Fine Tune the model

In [None]:
!pip install torch transformers datasets scikit-learn

In [None]:
from transformers import BertTokenizer, BertForSequenceClassification

tokenizer = BertTokenizer.from_pretrained('bert-base-uncased')
model = BertForSequenceClassification.from_pretrained("bert-base-uncased", num_labels=2)

In [None]:
import pandas as pd
from datasets import Dataset

spam_csv = "https://github.com/githubmilind/colab-playground/blob/main/dataset/spam.txt?raw=true"

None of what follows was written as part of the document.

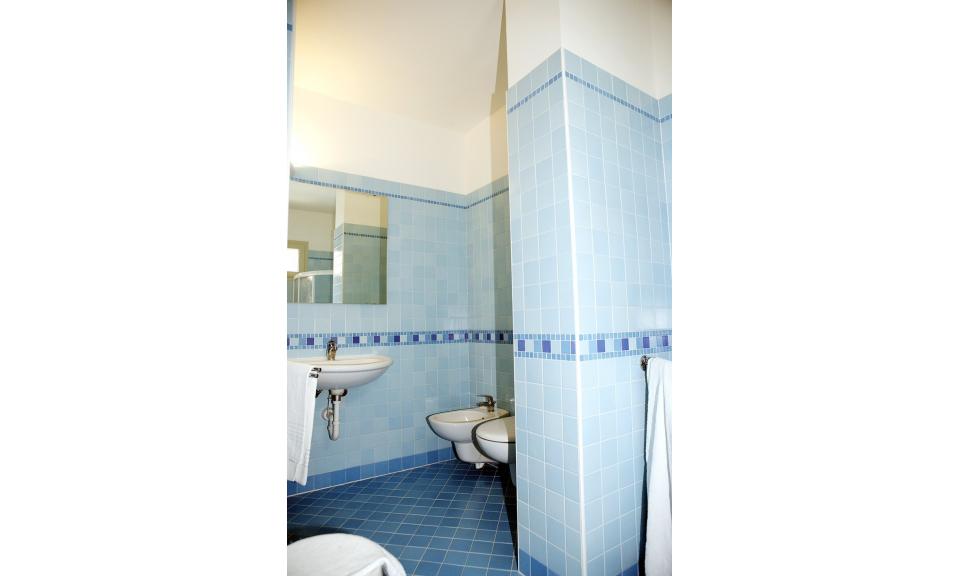 hôtel GRAN VENERE BEACH: salle de bain (exemple)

df = pd.read_csv(spam_csv, encoding = "ISO-8859-1", sep=",", on_bad_lines='skip')

In [None]:
df

In [None]:
def tokenize(batch):
  return tokenizer(batch["v2"], padding="max_length", truncation=True)

In [None]:
dataset = Dataset.from_pandas(df)
dataset = dataset.map(tokenize, batched=True)
dataset = dataset.rename_column("v1", "labels")
dataset.set_format("torch", columns=["input_ids", "attention_mask", "labels"])

In [None]:
train_test = dataset.train_test_split(test_size=0.2)
train_dataset = train_test["train"]
val_dataset = train_test["test"]

In [None]:
# fine tune the model
from transformers import Trainer, TrainingArguments

training_args = TrainingArguments(
    output_dir="./spam-bert",
    eval_strategy="epoch",
    save_strategy="epoch",
    learning_rate=2e-5,
    per_device_train_batch_size=16,
    per_device_eval_batch_size=16,
    num_train_epochs=3,
    weight_decay=0.01,
)

trainer = Trainer(
    model=model,
    args=training_args,
    train_dataset=train_dataset,
    eval_dataset=val_dataset,
)

trainer.train()

In [None]:
metrics = trainer.evaluate()
metrics

In [None]:
print(metrics)